By: Barbara Ratzenböck

Every year in July, more than 80 students and 10 professors from over 30 countries meet at the Graz International Summer School Seggau (GUSEGG) in Southern Styria, Austria to discuss global developments and challenges in areas such as society, politics, economics, religion, and culture. One aim of the summer school is to encourage participants to think outside the box and outside of their academic disciplines while engaging with new ideas. Students and professors gather in the 12th century Seggau Castle, which overlooks the town of Leibnitz, as they work together from dawn until dusk and ask questions about global phenomena. The summer school offers students insight into recent developments in research in specific subject areas and ageing is one among several topics. The summer school promotes shifts in perspective, from the big picture of current global events to disciplinary expert talk and back. Roberta Maierhofer (Center for Inter-American Studies of the University of Graz), the academic director of the summer school and a collaborator with the Ageing+Communication+Technologies (ACT) research network, has explained the summer school as something that is “built on the perspective of setting up interdisciplinary platforms in the morning lectures and in the afternoon lectures the students have the possibility of going into depth.”

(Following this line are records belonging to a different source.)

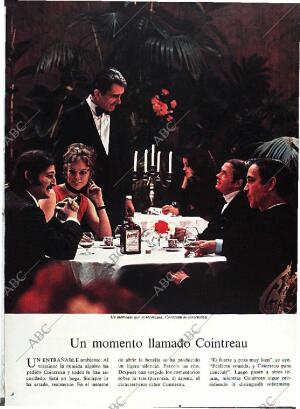 BLANCO Y NEGRO MADRID 01-05-1971 página 90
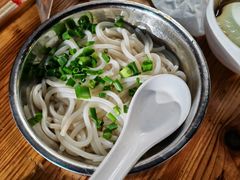 -广达眼镜炖罐(广达店)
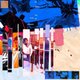 Julius Rodriguez - Let Sound Tell All (Vinyl record): Julius Rodriguez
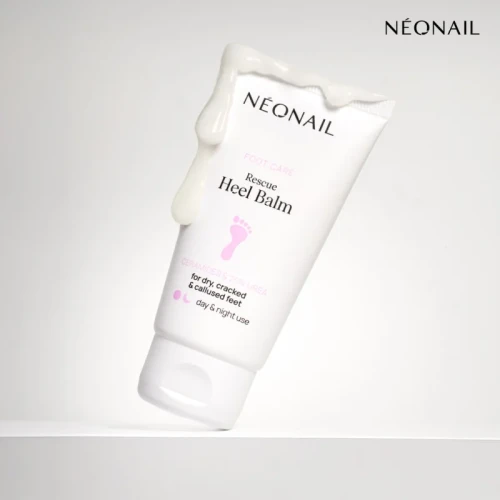 rescue-heel-balm-50-ml-1.webp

As in previous years, students from all over the globe will participate in the summer school and ACT will award a number of ACT-affiliated students with scholarships to participate in the Ageing Studies Workshop –  one of seven thematic afternoon workshops at GUSEGG. The Ageing Studies workshop offered at GUSEGG is a good example of a   successful international collaboration within the ACT project consortium. It enables students who are interested in questions of age and ageing across disciplines and (research) cultures to exchange with each other and it also helps build a sustainable network of emerging scholars in the field. In addition to introducing students from all disciplines to current research with regard to ageing and communication technologies, it encourages students to share their own ideas and to come up with relevant (research) questions on the topic of ageing.

This July, the Ageing Studies workshop offered at Seggau will be led by ACT researchers Kim Sawchuk (Concordia University) and Line Grenier (Université de Montréal). It will focus on intersections between Ageing, Communication, and Technologies and how their interrelations can be re-thought. Sawchuk, who attended GUSEGG in 2015, highlighted the importance of  “ask[ing] different questions than have been asked“ in the context of age and ageing. In this spirit, the 2016 Ageing Studies workshop at Seggau will invite students to “reflect on the possibilities of transgressing mainstream norms and expectations of age and ageing, discuss different cultures of ageing, and trace the contours of what we might call ‘digital ageism’ to shift our perspective on what it means to age in the here and now.“1

An important feature of GUSEGG is that outside-the-box thinking and shifts in perspective happen throughout the full duration of the two-week summer school and these shifts in perspective happen in an intercultural and interdisciplinary setting. Not only do students and professors spend intensive time working together in the classrooms, lunch breaks and recesses allow less formal but equally generative discussions to move outside the classroom, to the castle’s terraces and onto its lawn. Many important connections are made during breaks and between sessions. Thus, shifting perspectives is not only being practiced in academic terms, but can become very personal when participants exchange stories about their lives, their home countries, and their cultures. The basis for this comprehensive learning experience is the willingness of all participants – professors as well as students – to come together and share a space for a stretch of time, something which might sound very simple, but is not a given in our fast-paced times.

During last year’s edition of GUSEGG, Kim Sawchuk commented on the importance of being in one place and having time to think intensively: “we multitask and we do many things at once. In our digital era, we try to divide time more. I think [being at the summer school] is a really good reminder that you can benefit from being in one location, in one space together. [It creates] a kind of situation in which we are allowed to concentrate and do one thing at a time.” This focusing and slowing-down contributes to an intensive learning experience on both an academic and personal level. At the end of the two-week summer school, GUSEGG students often realize that having a good question to ask is more exciting than having an answer to give. Furthermore, that focusing and having time to let ideas filter through and sink in is a prerequisite for being able to come up with strong questions. This mindset has been termed “Seggau School of Thought” by summer school director Roberta Maierhofer.

Barbara (Babsi) Ratzenböck is a Ph.D. student from the University of Graz and a research assistant with the Center for Inter-American Studies. She is spending four months in Montreal as a visiting scholar with ACT. She is the assistant to the academic director of the Graz International Summer School Seggau, in Austria.